Not everyone can take them, though; a significant number of people complain of muscle pain, weakness and cramping so severe that they discontinue the therapy even at the risk of a heart attack or stroke.
Their resistance to the medication has been controversial, because in most cases there are no biomarkers for the muscle problems individuals describe.
Some researchers have speculated that the problem is psychological, the “nocebo” effect of blaming the medication for the pain.
This blaming of any negative symptoms on “psychological factors” has become a common response and it must stop.
Researchers found that 42.6 percent of people who had complained of muscle pain while taking at least two different statins experienced the same symptoms when given a statin during the study but had no ill effects when administered a placebo
They were then able to reduce their LDL cholesterol levels by more than half when given a PCSK9 inhibitor, evolocumab, for 24 weeks, compared with just a 16.7 percent reduction on ezetimibe, another medication.
In addition to requiring FDA approval, the drugs are much more expensive — from $10,000 to $15,000 a year.
And because evidence of statin intolerance is largely subjective, insurance companies may balk until there are ways to more conclusively prove that patients are unable to take the cheaper drugs.
Just like with pain, our medical system seems to be rejecting the validity of any symptom that can’t be seen and measured.
The vast majority of painful symptoms are much more complex and subtle than can be determined by taking measurements.

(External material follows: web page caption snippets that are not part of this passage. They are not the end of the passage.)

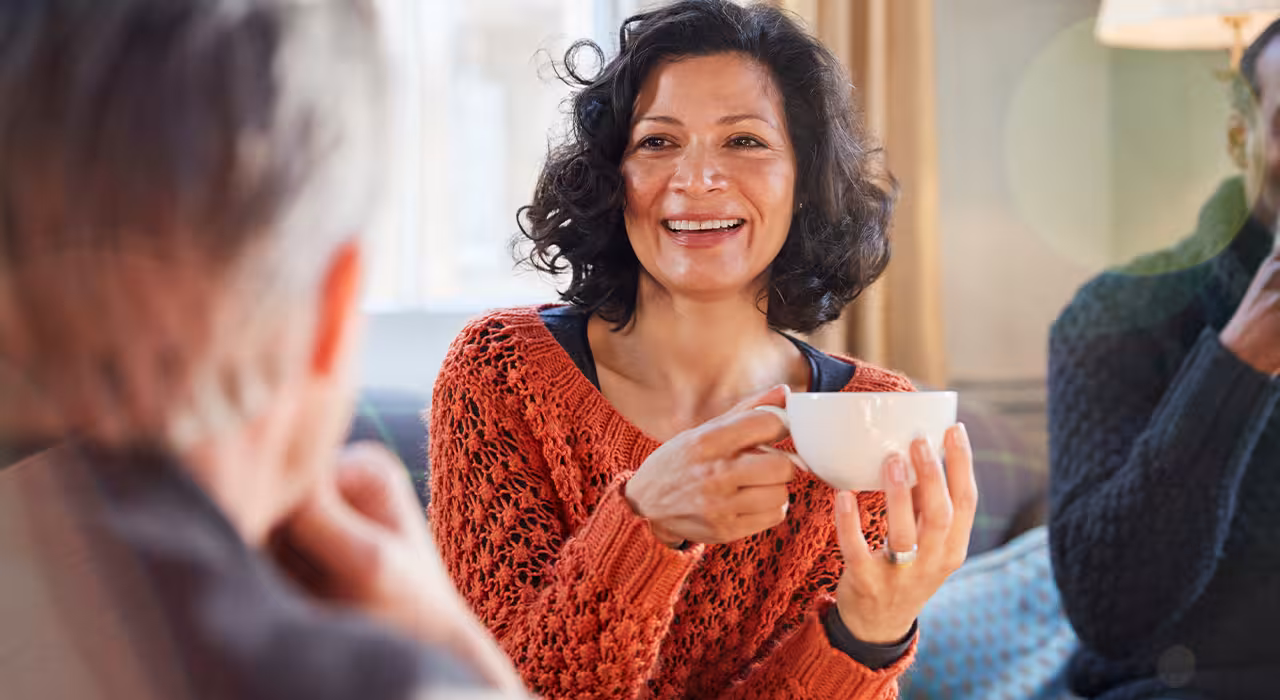 Smiling woman holding a cup of tea while chatting with others at home, reflecting supportive conversations around menopause and wellbeing.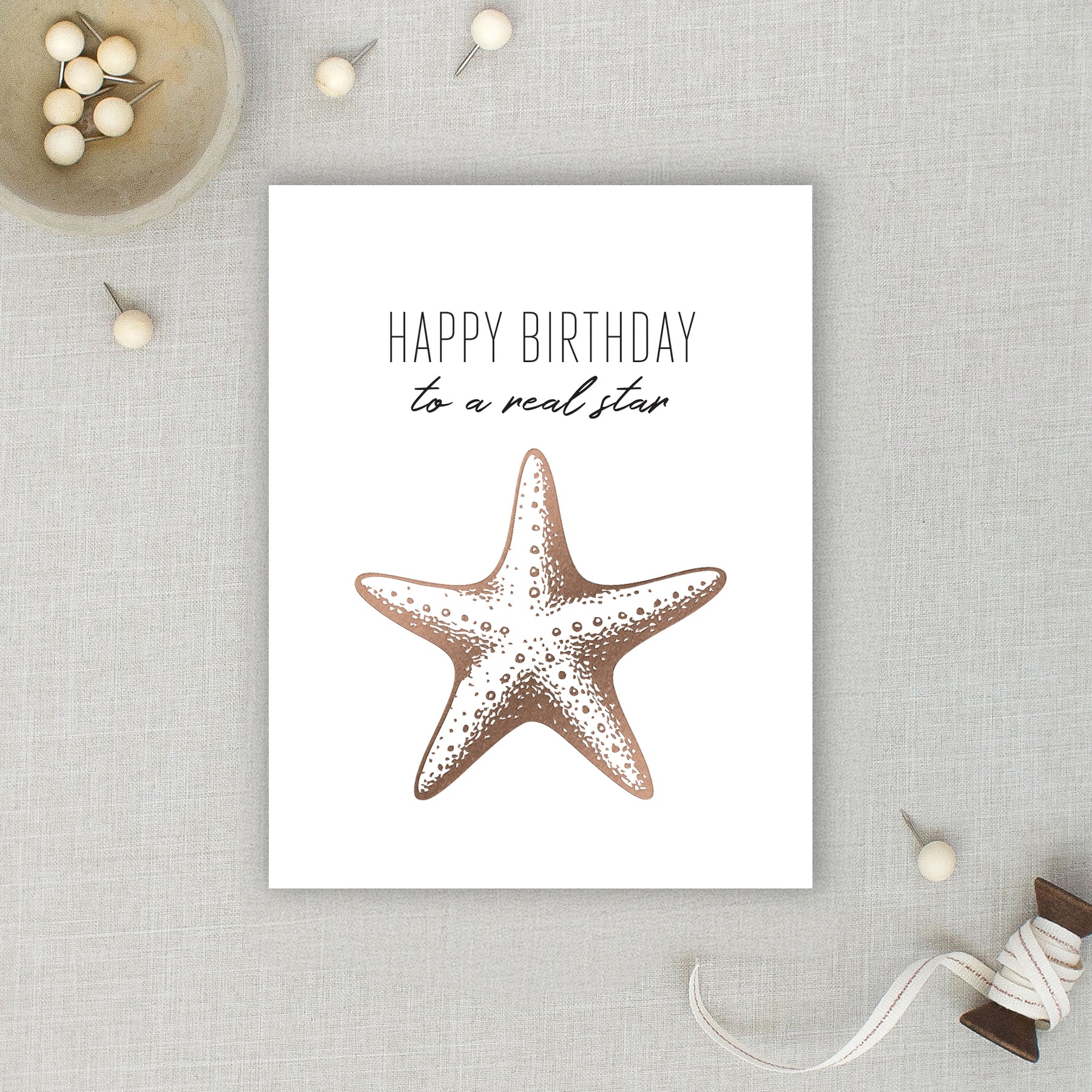 Card with a starfish illustration and 'Happy Birthday to a real star' text on a textured surface.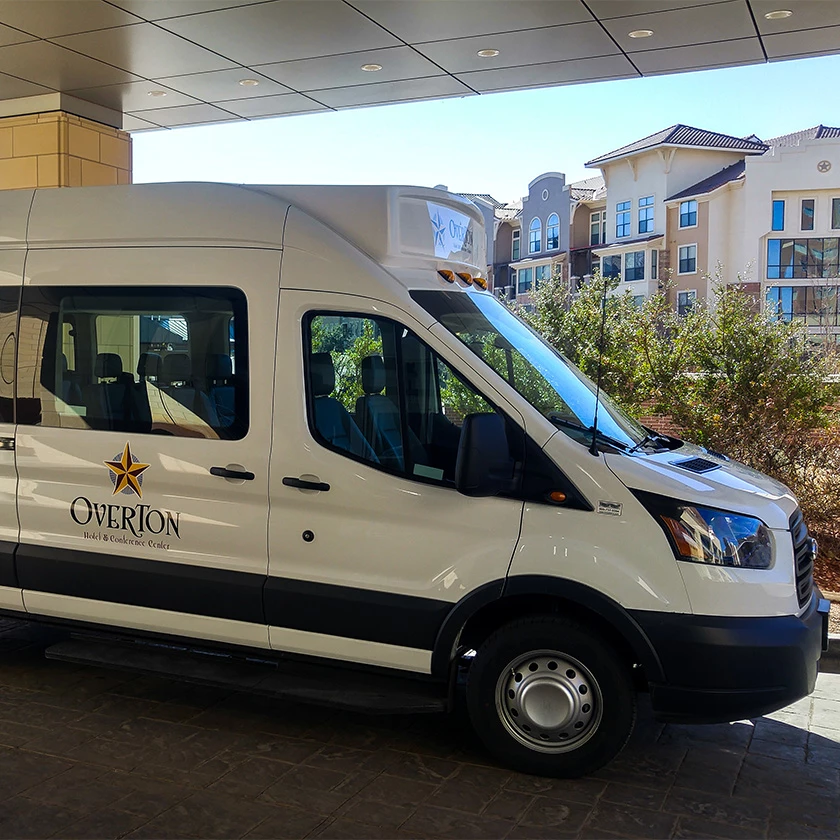 a white van parked under a canopy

In Nissen’s study, 491 people who were unable to tolerate various kinds or doses of statins were given atorvastatin (Lipitor) or a placebo at 53 research sites around the world. Their ages ranged from 18 to 80, and they had heart disease, high LDL cholesterol or other risk factors for cardiovascular problems. Overall, 209 suffered side effects from the statins and were put on either evolocumab or ezetemibe (Zetia).
The PCSK9 inhibitor works by blocking a substance that hinders the liver’s ability to remove cholesterol from the blood.
Ezetemibe, by contrast, decreases cholesterol absorption in the small intestine.
The monthly injections of the PCSK9 inhibitor proved far more effective after 24 weeks, cutting patients’ LDL cholesterol by an average of 52.8 percent, compared with 16.7 percent for the other drug.
In another study released Sunday morning, researchers showed that a drug that raises HDL cholesterol, often called good cholesterol, and lowers LDL cholesterol does not help high-risk heart patients.
In fact, the study of more than 12,000 people was cut short after the results revealed that the drug, evacetrapib, did not prolong the time until death, heart attack, stroke, coronary artery bypass surgery or hospitalization for chest pain due to restricted cardiac blood flow.
It was the third failure for drugs in a class known as cholesteryl ester transferprotein (CETP) inhibitors, which disrupt the process by which HDL cholesterol is converted to LDL cholesterol, the ACC said in a release.